As Chen read a selection of poems, the room was filled with various reactions, from laughs to tears. His poetry focuses on various topics including reflections on a trip to the zoo and memories of complicated immigrant experiences.
“I found it really inspiring,” NE student Kinsley Carter said. “I liked the connection between mundane, regular life events and extremely personal things, and how that makes it universal to anyone and easy to digest.”
Carter also wants to pursue poetry but hesitates to share vulnerable emotions with an audience.
After the event, she asked Chen what she could do to get over this fear, and he recommended going to an open mic to perform.
“I feel like that could help, because it’s a lot easier to talk to a bunch of strangers than your friend or your parents,” Kinsley said.
Chen has two published books, “When I Grow Up I Want to Be a List of Further Possibilities” and “Your Emergency Contact Is Experiencing An Emergency.” He has won the A. Poulin Jr. Poetry Prize, Thom Gunn Award for Gay Poetry, and the GLCA New Writers Award.
Chen uses his poetry to touch on issues in groups that have been historically marginalized and hopes his words will make people feel less alone in their struggles, the way poetry and literature did for him.
“It would mean a great deal to me if my work could do that for someone else,” he said. Carter is part of the LGBTQ+ community herself and said Chen’s boldness in talking about his identity was appreciated.
“I loved having a queer person up there speaking about the cycles of acceptance and non-acceptance,” she said. “It’s a little scary right now to try to be a writer. It’s very hard for people to take you seriously.”
The following day, Chen was featured at two “craft talks” in NSTU Center Corner where he read work from some of his inspirations including an essay by Jenny Zhang called “How It Feels” and “Concerning the Book That Is the Body of the Beloved” by Gregory Orr. The event was held in a bigger event space, so it had almost double the audience of the reading.
In response to a question about the humor in his poems, Chen said it’s an important part of what he hopes to accomplish with his writing.

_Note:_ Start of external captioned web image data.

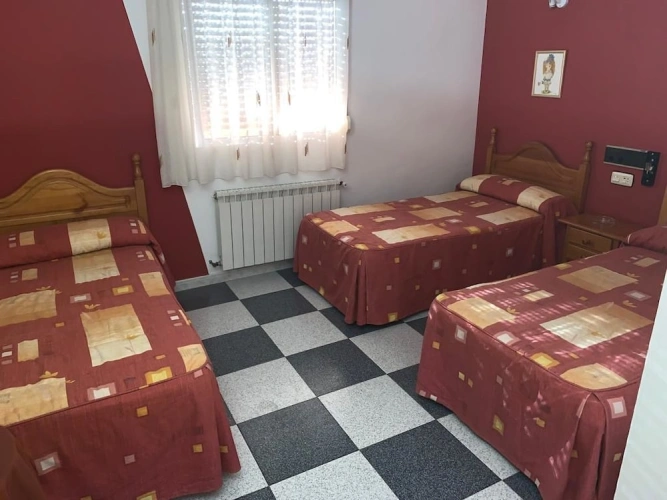 Standard Triple room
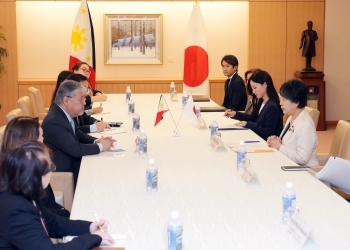 日・フィリピン外相会談が行われている様子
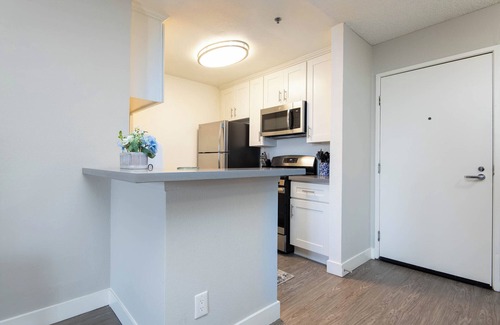 Little Armenia Appartement | Snazzy 2bed Apt w/Rooftop pool & Hollywood Sign Views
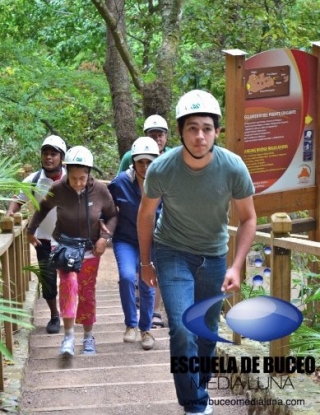 De caminoa la cuevas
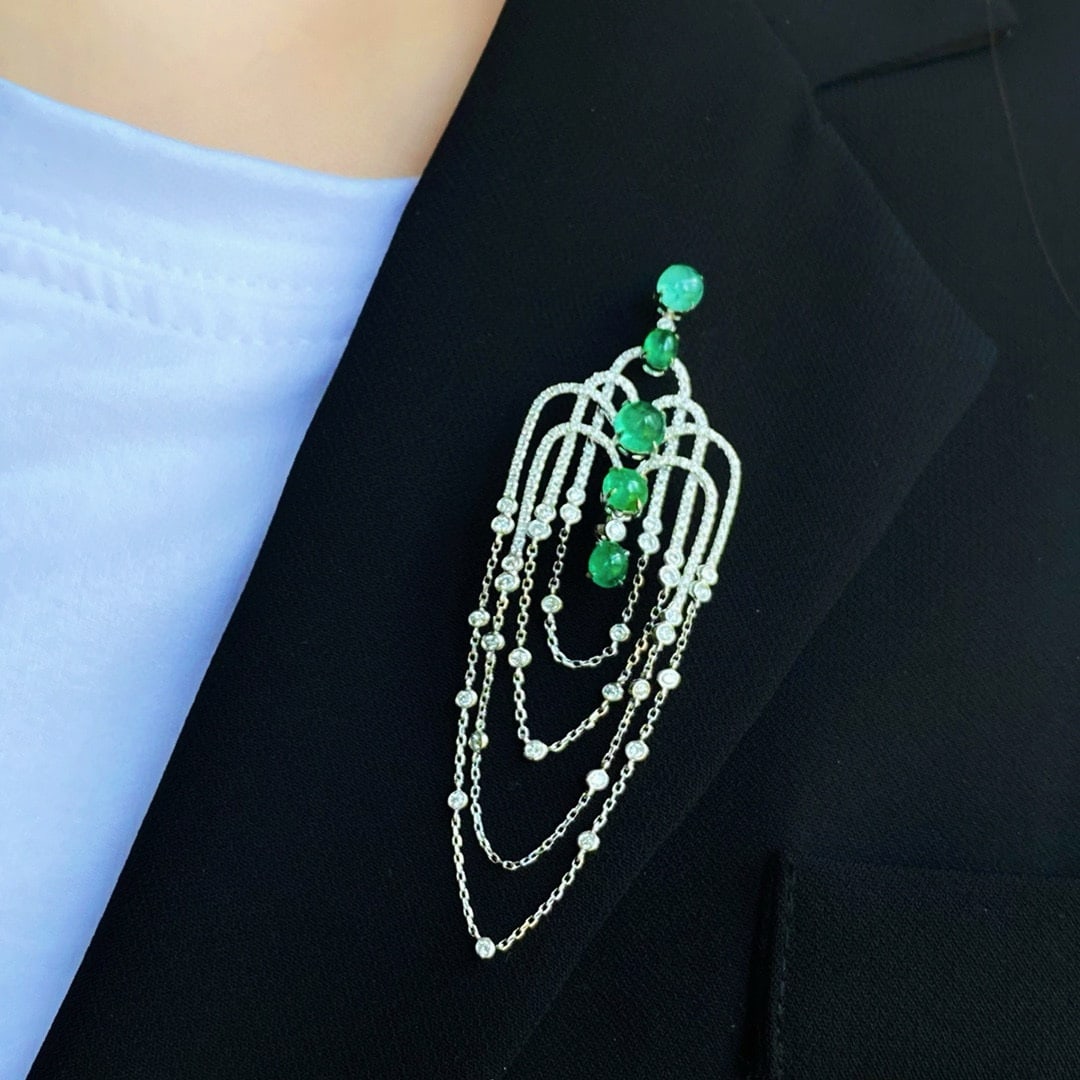 14k Gold 3.87 Ctw Natural Emerald & Diamond Brooch - 5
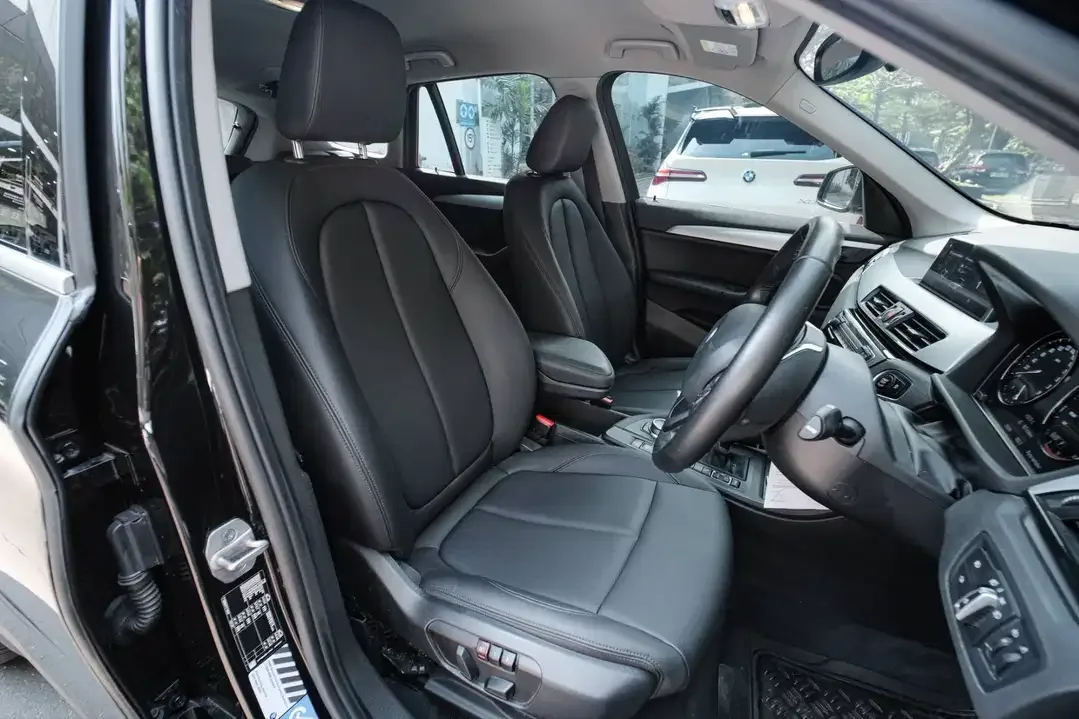 BMW X1 18i Dynamic (2022) - Image 8 of 10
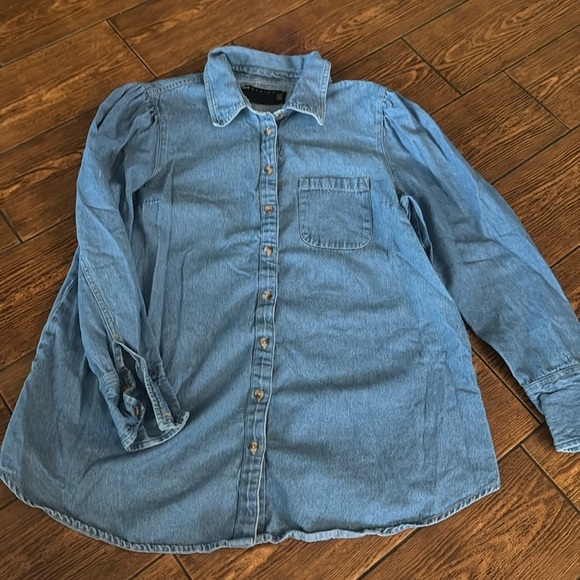 ASOS DESIGN DENIM BUTTON DOWN PLEATED AT SHOULDER - Picture 1 of 7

He often blends humor with sorrow, for example in his poem “Doctor’s Note” he starts it off with “Please excuse Chen Chen from class. He is currently dead.” He follows it up with a casual humorous tone of what killed him and what might bring him back to life, “prescribed long baths in chicken stock.” The tone shifts when he brings up how his parents might react to his “death.” In their voice he says “You’d be better off dead. Better than whatever you are with other men.”
“It’s kind of it’s a coping mechanism,” he said. “It’s a survival technique. It’s creative. That’s where I feel like my poems really come alive, is when I embrace that [humor] even just a little bit.”
In her introduction for Chen, NE associate professor Rebecca Balcarcel presented the question of whether poetry matters in today’s world. She argued it is important because in the way it encapsulates the human condition and the mastery over language.
Poetry isn’t specifically constructed just to make you feel stupid when you read it with old language or difficult text,” she said. “I think instead, we all have experiences that make us want to capture them or investigate them, and the poems are how humans have done this.”
After seeing the reaction Chen had on the crowd, Carter hopes to make someone feel that way with her work in the future.
“The passion of it, sharing yourself in a moment where you feel alone, having a room of people crying over your pain,” she said. “It makes you feel like a community, like you’re making a difference.”